Elisa Negrini - Mathematical Sciences
Elisa Negrini is a PhD student in the Mathematical Sciences department. She comes from Italy and obtained her undergraduate and master’s degree in Mathematics from University of Bologna in 2015 and 2017, respectively. Since her first year as a PhD student, she has developed a strong interest in the mathematical foundations of data science problems; in particular her research interests focus on deep neural networks which have demonstrated stunning empirical results across many applications (like vision, natural language processing, and reinforcement learning), but for which strong theoretical foundations haven't been completely developed yet. In particular, she is interested in learning equations from noisy data using neural networks. Elisa is the President of the Association for Women in Mathematics chapter at WPI and will be part of the SIAM Career Opportunities Committee starting January 2021.
Riugi Sato - Mathematical Sciences
Riugi Sato is a PhD student in the Mathematical Sciences department. His research focuses on the application of partial differential equations to problems found in physics and chemical engineering. Ruigi obtained his bachelor’s in Chemical Engineering and master’s in Applied Mathematics in the Philippines. Aside from Mathematics, he is deeply passionate about music and is part of different choral groups in and out of WPI.
Teagan Bate - Physics
Teagan Bate is a physics PhD student working in the field of soft condensed matter. He studies the properties and behavior of microtubule-kinesin based active fluids under varying conditions with assistant professor Kun-Ta Wu and his colleague Edward Jarvis. In addition to his own research he has mentored both undergraduate and high school students in doing their own research within our lab group, and work as a laboratory instructor for the physics courses during both the winter and summer. He has found great value in the learning, teaching, and research activities of my graduate experience, and is excited to continue working with the WPI community.
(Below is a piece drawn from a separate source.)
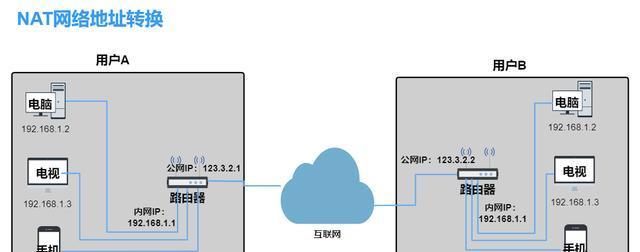 网卡跟宽带区别是什么？各自的用途和优势如何？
Abhishek N. Kulkarni - Robotics Engineering
Abhishek Kulkarni is a third-year PhD candidate in Robotics Engineering program. He graduated from VIT-Pune, India in 2016, where he earned a B.Tech. in Electronics and Telecommunications Engineering. At VIT, he founded the Cognitive Robotics and Intelligent Systems Lab (CRISTL), which was the first lab on campus to explore an integrated cognitive science, machine learning and logic-based AI approach to design intelligent robots. While he was conducting research and teaching at CRISTL, the question that inspired him was: How to design an intelligent agent that can reason autonomously and, most importantly, in a provably-correct way? The quest to answer this question brought him to WPI, where under the guidance of Prof. Jie Fu, he explores formal methods (a logic-based AI approach) to allow the autonomous agents to not only reason in a provably-correct way but also use advanced behaviors like deception to their advantage.
Kristophe Zephyrin - Social Science and Policy Studies
Kristophe Zephyrin ’21, is a former Civil Engineering and Environmental and Sustainability Studies Double major who is now pursuing his master’s in Science and Technology for Innovation in Global Development. As an undergrad, Kristophe was involved in many organizations on campus as well as the admissions office and the office of multicultural affairs.